L’inquadramento del Modello di Organizzazione e di Gestione: ulteriori aspetti generali
di Andrea OnoriIl Modello 231/2001 (più comunemente chiamato anche MOG, Modello di Organizzazione e Gestione) con la sua funzione di “baricentro” dell’azienda risponde ad una esigenza di tutela legale dell’attività aziendale (per un maggior approfondimento si vedano i precedenti contributi).
Affinché tale tutela sia effettiva, ovvero che l’ente non risponda dei reati commessi dai soggetti apicali, si deve poter provare che:
- la Direzione aziendale ovvero l’Organo amministrativo (la norma parla di “organo dirigente”) abbia adottato ed attuato efficacemente il Modello 231 prima della commissione del fatto;
- sia stato nominato un Organismo di Vigilanza (OdV), dotato di autonomi poteri di controllo, al quale sia stato affidato il compito di vigilare sul funzionamento e l’osservanza del Modello adottato;
- la vigilanza da parte dell’OdV non sia stata omessa oppure insufficiente;
- le persone che hanno commesso il reato presupposto lo abbiano commesso eludendo il Modello 231.
L’aspetto che più rileva, pertanto, è l’efficace attuazione del Modello.
In primis, per poter affermarne l’efficacia, il MOG deve essere soggetto ad una verifica periodica e dovrà essere aggiornato, o meglio “modificato”, nel caso in cui:
- siano riscontrate (“scoperte”) significative violazioni delle prescrizioni e/o;
- intervengano cambiamenti nell’organizzazione e/o;
- vi siano cambiamenti nell’attività dell’ente.
In secundis, l’efficacia del Modello di Organizzazione e di Gestione dipende anche dalla presenza di un “sistema disciplinare” atto a sanzionare “il mancato rispetto delle misure indicate”.
Da tutto quanto sopra si può affermare che “Societas delinquere … potest!”.
Solo la commissione di particolari e specifiche tipologie di reato, crea la fattispecie giuridica affinché una società possa, eventualmente, essere ritenuta responsabile di un illecito amministrativo.
Tali reati, dettagliati e precisamente elencati dalla norma stessa, devono, di fatto, essere commessi dai soggetti apicali della società (amministratori, direttori generali dotati di ampi poteri gestori), nell’interesse o a vantaggio della stessa.
Ma quando si può dire che un reato, definito come “presupposto” della responsabilità amministrativa, viene commesso nell’interesse o a vantaggio dell’Ente?
Una risposta compiuta alla domanda l’ha offerta la Corte di Cassazione (Sentenza n. 39615/2022), pronunciandosi in merito ad un ricorso proposto da un Ente condannato per l’illecito amministrativo di cui all’articolo 25 septies, D.Lgs. 231/2001, rubricato “Omicidio colposo o lesioni gravi o gravissime commesse con violazione delle norme sulla tutela”.
Partendo dall’assunto che l’”interesse” e il “vantaggio” sono i due parametri di imputazione oggettiva di cui all’articolo 5, D.Lgs. 231/2001, in giurisprudenza si è affermata la teoria che questi sono due criteri diversi ed alternativi.
La Sentenza evidenzia come i termini di “interesse” e “vantaggio” riguardano “concetti giuridicamente diversi, potendosi distinguere un interesse “a monte” per effetto di un indebito arricchimento, prefigurato e magari non realizzato, in conseguenza dell’illecito, da un vantaggio obbiettivamente conseguito con la commissione del reato, seppure non prospettato ex ante, sicché l’interesse ed il vantaggio sono in concorso reale.

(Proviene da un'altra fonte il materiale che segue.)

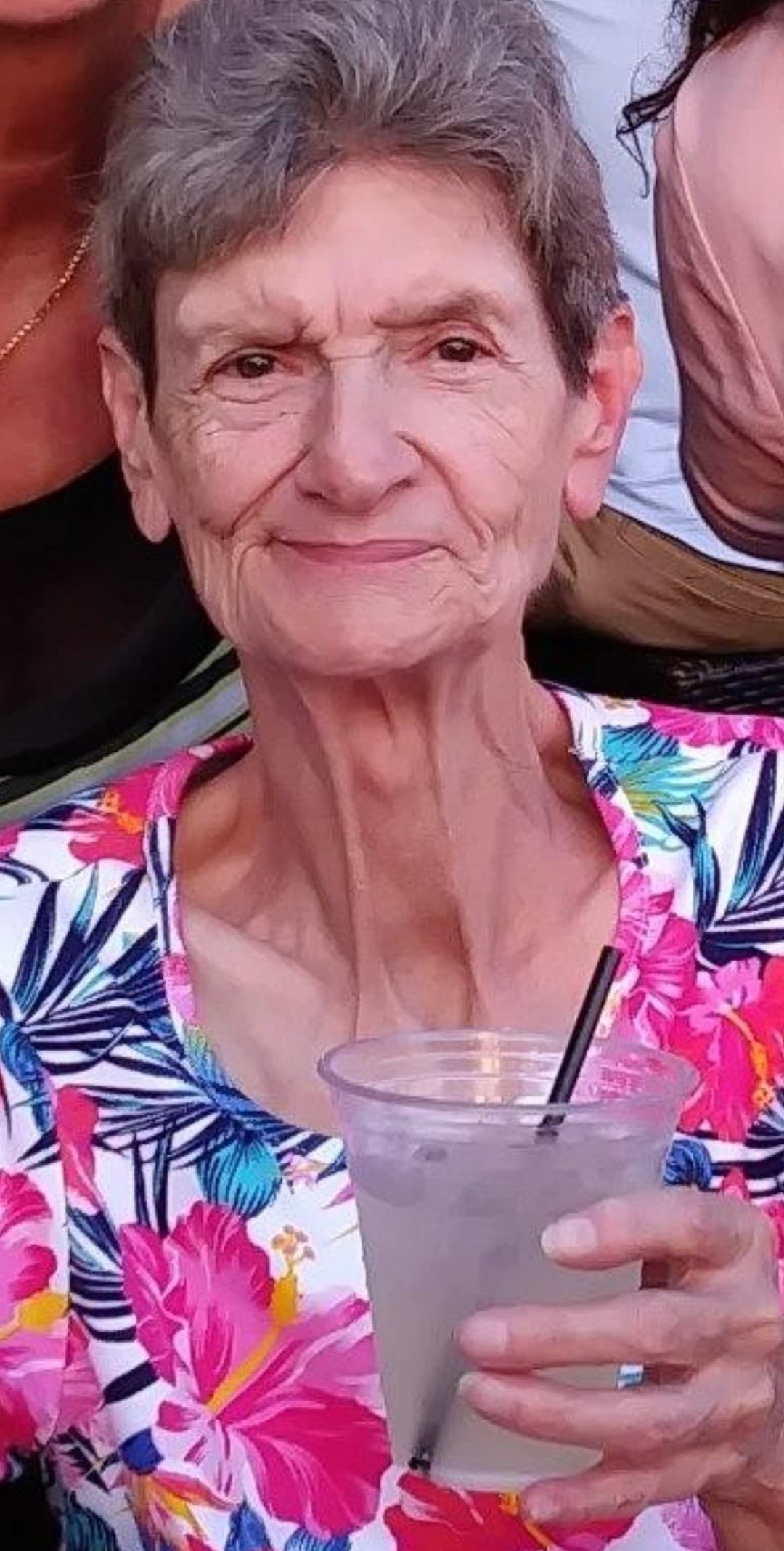 Louise Teegarden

Come si vede, i due criteri vengono tenuti nettamente distinti, vale a dire operanti su piani diversi, uno (l’interesse) su quello soggettivo e l’altro (il vantaggio) su quello oggettivo”.
La Sentenza continua specificando che“l’interesse è il criterio soggettivo (indagabile ex ante) consistente nella prospettazione finalistica, da parte del reo persona fisica, di arrecare un interesse all’ente mediante il compimento del reato, a nulla valendo che poi tale interesse sia stato concretamente raggiunto o meno”, mentre “il vantaggio, al contrario, è il criterio oggettivo (da valutare ex post), consistente nell’effettivo godimento, da parte dell’ente, di un vantaggio concreto dovuto alla commissione del reato”.
Viene poi ulteriormente evidenziato come tale impostazione giuridica sia stata “abbracciata” dalle Sezioni Unite (Sentenza n. 38343/2014) stabilendo che “in tema di responsabilità da reato degli enti, i criteri di imputazione oggettiva, rappresentati dal riferimento contenuto nell’art. 5 del D.Lgs. 231 del 2001 all”‘interesse o al vantaggio”, sono alternativi e concorrenti tra loro, in quanto il criterio dell’interesse esprime una valutazione teleologica del reato, apprezzabile ex ante, cioè al momento della commissione del fatto e secondo un metro di giudizio marcatamente soggettivo, mentre quello del vantaggio ha una connotazione essenzialmente oggettiva, come tale valutabile ex post, sulla base degli effetti concretamente derivati dalla realizzazione dell’illecito”.
Altro aspetto di rilievo, contenuto nella Sentenza in commento, è che “la responsabilità degli enti può dunque essere definita come una vera e propria responsabilità da colpa di organizzazione, caratterizzata dal malfunzionamento della struttura organizzativa dell’ente, la quale dovrebbe essere volta – mediante adeguati modelli – a prevenire la commissione di reati”.
Sempre nel contesto della richiamata Sentenza n. 38343/2014, le Sezioni Unite hanno infatti affermato che “la colpa di organizzazione è fondata sul rimprovero derivante dall’inottemperanza da parte dell’ente dell’obbligo di adottare le cautele, organizzative e gestionali, necessarie a prevenire la commissione dei reati previsti tra quelli idonei a fondare la responsabilità del soggetto collettivo, dovendo tali accorgimenti essere consacrati in un documento che individua i rischi e delinea le misure atte a contrastarli”.